The firm has pumped large amounts of polluting sewage into Langstone Harbour since August 27 last year.

The spillages, which are deemed pollution incidents and are under investigation by the Environment Agency, have caused grave concerns for the scientists who look after the harbour.

The spillages have happened at least 11 times and sometimes for up to two days.

They have come from Southern Water’s pumping station at Fort Cumberland, Eastney.

Nearly all of Portsmouth’s sewage is pumped from Eastney to Budd’s Farm, in Havant, where it is treated and then pumped miles out to sea through a pipe under the harbour.

But, whenever there is a large amount of rainfall and the pumps cannot cope, some of the sewage has to be emitted into the harbour through a pipe at Fort Cumberland. Normally this is screened to make sure large sewage items do not get into the harbour.

But since August 27, the screening system at Fort Cumberland has stopped working after being damaged during a large storm.

It means whenever there is higher than average rainfall, the harbour is being polluted.

The harbour, a Site of Special Scientific Interest, is home to 50,000 birds and a population of seals and has international wildlife status.

Louise MacCallum, environment officer for Langstone Harbour Board, said: ‘Having untreated sewage in what is effectively a nature reserve is not a good thing. They should have got it fixed sooner.’

David Willetts, MP for Havant and Hayling Island, said: ‘Langstone Harbour, Chichester Harbour and the Solent are precious natural habitats. They are places where swimmers and windsurfers enjoy. It’s shocking if raw sewage has got into the sea.

‘I could understand if occasionally there is a technical problem. But 11 occasions is way beyond acceptable. If the screening system was broken, it should have been fixed. It shouldn’t have taken six months.’
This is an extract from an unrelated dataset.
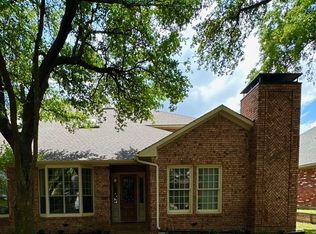 9324 Moss Farm Ln, Dallas, TX 75243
Under government rules, Southern Water does not have permission to let unscreened sewage enter the harbour and could be fined.

A statement from the Environment Agency said: ‘The Environment Agency’s investigation into the issues at Langstone Harbour is ongoing, and we hope to conclude this shortly.
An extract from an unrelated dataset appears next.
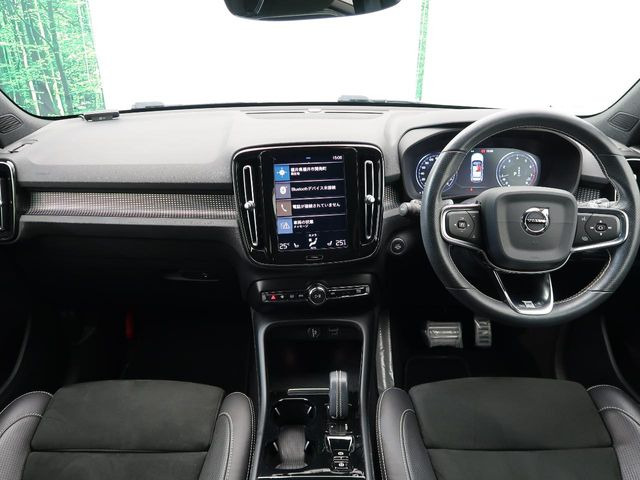 XC40T4 AWD Rデザイン 4WD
‘We are working with all parties involved to ensure that all aspects of the incident are properly examined.’

Southern Water said it fixed the Fort Cumberland problems last week.
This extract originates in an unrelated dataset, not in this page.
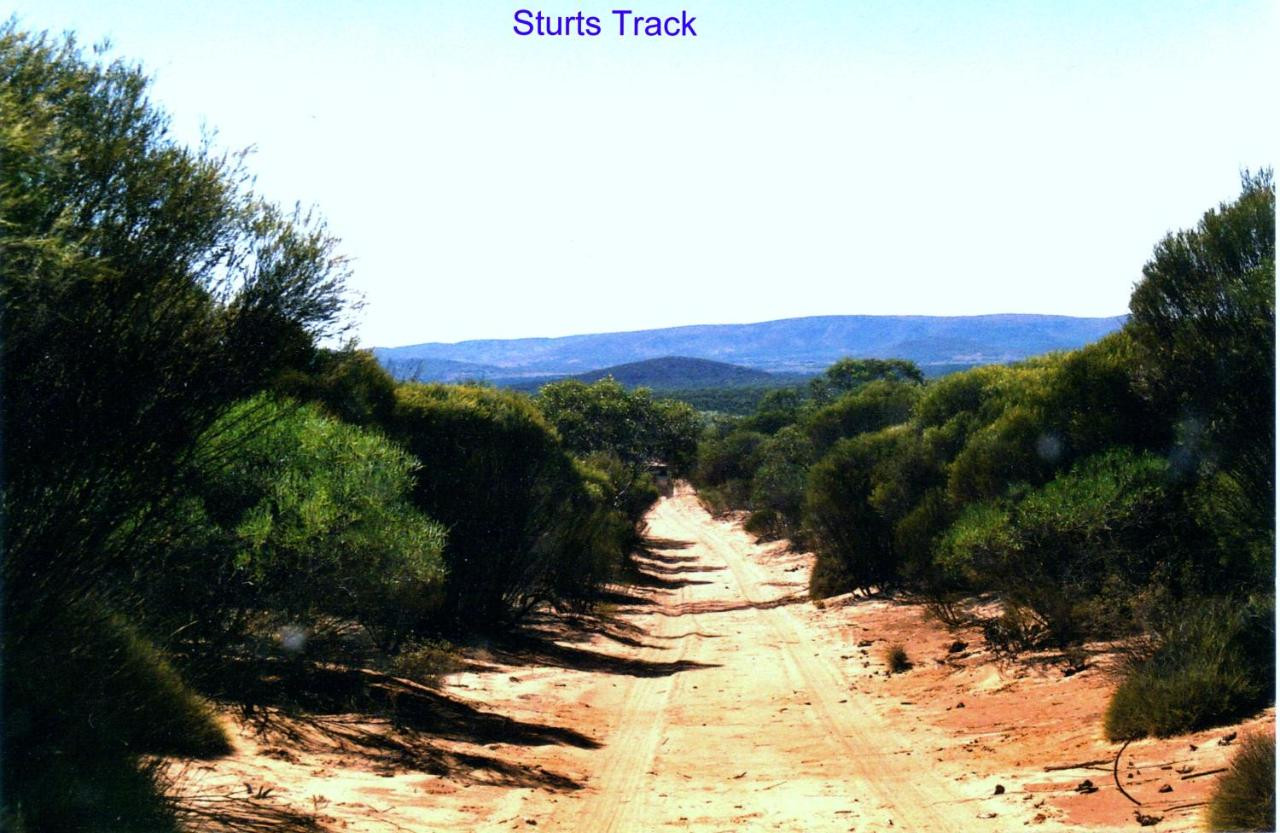 Search and Stay destination carousel image position 17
Leilah Nicola said: ‘We have invested £100,000 to improve our site at Fort Cumberland. The work was necessary following an exceptional storm in August 2010, which damaged the site.

‘Screens have been enhanced and control systems replaced at the site, which remained operational throughout the work.

‘The investment will ensure the Fort Cumberland outlet provides a greater level of protection to Portsmouth and the environment.’

Pressed on why it took six months to fix the problem, she added: ‘We started this almost immediately after the storm and it was completed to schedule. Schemes such as this are complex and highly technical and cannot be completed overnight.’